> _WORK TO BE COMPLETED_
One line in the listing below contains "Mexen Rox kádparaván". Repeat that line and each line after it exactly, ending with the last one.

> _DATA RECORDS_
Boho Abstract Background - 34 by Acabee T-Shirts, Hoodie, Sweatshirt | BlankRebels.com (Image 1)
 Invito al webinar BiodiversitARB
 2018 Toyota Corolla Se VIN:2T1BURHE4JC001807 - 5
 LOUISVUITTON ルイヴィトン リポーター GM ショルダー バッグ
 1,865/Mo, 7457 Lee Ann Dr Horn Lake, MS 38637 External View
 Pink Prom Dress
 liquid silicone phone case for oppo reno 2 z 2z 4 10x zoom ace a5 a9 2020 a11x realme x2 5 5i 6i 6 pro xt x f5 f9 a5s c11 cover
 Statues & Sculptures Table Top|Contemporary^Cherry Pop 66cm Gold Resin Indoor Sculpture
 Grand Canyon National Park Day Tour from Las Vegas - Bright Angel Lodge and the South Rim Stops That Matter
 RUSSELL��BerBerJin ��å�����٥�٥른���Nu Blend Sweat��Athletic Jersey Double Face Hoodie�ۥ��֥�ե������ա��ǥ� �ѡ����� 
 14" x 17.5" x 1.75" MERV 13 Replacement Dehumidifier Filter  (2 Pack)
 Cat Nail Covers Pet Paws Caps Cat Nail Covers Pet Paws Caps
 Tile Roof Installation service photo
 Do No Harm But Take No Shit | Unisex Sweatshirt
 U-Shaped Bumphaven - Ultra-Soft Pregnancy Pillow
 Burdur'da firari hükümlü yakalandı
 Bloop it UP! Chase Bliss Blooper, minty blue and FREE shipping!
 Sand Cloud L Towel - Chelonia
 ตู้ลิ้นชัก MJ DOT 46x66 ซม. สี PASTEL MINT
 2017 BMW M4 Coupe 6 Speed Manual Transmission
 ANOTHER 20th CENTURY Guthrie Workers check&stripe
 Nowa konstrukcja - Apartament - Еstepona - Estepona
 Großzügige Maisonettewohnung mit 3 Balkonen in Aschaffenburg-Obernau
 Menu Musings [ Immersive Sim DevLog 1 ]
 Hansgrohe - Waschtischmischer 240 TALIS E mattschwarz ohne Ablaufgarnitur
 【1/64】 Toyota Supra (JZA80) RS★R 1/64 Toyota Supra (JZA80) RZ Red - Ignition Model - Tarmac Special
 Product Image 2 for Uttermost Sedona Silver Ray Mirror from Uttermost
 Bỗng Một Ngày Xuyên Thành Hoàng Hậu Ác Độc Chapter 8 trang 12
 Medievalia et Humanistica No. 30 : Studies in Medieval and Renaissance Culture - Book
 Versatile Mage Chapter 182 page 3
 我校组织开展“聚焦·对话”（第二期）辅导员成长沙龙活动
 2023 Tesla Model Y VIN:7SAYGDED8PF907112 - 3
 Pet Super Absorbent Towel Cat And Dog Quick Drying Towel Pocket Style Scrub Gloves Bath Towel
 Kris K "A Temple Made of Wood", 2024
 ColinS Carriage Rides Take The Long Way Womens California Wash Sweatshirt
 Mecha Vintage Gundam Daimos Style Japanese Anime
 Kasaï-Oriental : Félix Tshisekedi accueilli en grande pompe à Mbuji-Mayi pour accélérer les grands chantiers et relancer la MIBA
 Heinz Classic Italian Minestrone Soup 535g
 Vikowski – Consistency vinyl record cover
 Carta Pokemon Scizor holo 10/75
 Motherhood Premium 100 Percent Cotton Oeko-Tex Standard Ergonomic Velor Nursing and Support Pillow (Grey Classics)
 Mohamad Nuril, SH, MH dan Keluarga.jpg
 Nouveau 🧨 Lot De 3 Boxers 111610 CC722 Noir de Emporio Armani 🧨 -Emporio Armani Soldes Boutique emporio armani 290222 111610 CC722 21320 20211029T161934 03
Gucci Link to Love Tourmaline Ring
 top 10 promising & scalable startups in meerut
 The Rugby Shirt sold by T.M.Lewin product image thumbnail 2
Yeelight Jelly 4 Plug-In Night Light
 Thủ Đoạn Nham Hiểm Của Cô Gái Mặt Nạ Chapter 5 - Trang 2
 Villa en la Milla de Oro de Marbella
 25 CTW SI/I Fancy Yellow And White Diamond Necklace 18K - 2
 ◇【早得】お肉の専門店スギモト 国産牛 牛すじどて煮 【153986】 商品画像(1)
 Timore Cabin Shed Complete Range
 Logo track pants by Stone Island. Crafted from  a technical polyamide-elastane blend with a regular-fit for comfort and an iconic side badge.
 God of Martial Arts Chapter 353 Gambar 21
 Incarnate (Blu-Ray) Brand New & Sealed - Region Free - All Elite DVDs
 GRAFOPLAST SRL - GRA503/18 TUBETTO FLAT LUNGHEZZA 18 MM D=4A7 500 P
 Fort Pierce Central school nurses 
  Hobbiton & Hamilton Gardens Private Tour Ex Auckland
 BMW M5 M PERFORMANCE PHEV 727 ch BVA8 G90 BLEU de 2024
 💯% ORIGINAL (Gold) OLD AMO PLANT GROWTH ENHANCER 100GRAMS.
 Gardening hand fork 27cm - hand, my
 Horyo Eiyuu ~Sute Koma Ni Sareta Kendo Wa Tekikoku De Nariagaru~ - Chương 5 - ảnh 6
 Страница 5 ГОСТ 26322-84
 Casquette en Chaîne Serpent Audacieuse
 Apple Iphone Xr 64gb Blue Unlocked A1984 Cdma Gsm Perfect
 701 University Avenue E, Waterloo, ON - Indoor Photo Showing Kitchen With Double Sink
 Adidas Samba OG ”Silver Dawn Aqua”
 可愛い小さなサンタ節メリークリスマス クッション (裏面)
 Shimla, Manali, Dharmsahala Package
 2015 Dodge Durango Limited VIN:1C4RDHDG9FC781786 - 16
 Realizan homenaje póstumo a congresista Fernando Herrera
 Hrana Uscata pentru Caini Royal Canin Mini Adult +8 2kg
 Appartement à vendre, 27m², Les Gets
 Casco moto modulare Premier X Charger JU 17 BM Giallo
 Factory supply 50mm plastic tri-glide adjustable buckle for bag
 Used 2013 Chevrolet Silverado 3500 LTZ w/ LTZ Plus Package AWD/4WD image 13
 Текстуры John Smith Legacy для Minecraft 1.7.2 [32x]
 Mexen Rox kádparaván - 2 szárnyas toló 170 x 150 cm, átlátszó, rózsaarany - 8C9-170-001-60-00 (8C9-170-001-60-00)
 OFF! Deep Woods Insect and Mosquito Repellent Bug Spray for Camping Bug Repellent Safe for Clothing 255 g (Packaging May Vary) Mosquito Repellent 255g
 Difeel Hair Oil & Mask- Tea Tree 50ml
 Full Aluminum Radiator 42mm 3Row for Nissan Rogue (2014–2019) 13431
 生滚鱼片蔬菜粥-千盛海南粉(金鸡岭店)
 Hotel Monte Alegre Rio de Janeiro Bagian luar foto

> _YOUR RESPONSE_
 Mexen Rox kádparaván - 2 szárnyas toló 170 x 150 cm, átlátszó, rózsaarany - 8C9-170-001-60-00 (8C9-170-001-60-00)
 OFF! Deep Woods Insect and Mosquito Repellent Bug Spray for Camping Bug Repellent Safe for Clothing 255 g (Packaging May Vary) Mosquito Repellent 255g
 Difeel Hair Oil & Mask- Tea Tree 50ml
 Full Aluminum Radiator 42mm 3Row for Nissan Rogue (2014–2019) 13431
 生滚鱼片蔬菜粥-千盛海南粉(金鸡岭店)
 Hotel Monte Alegre Rio de Janeiro Bagian luar foto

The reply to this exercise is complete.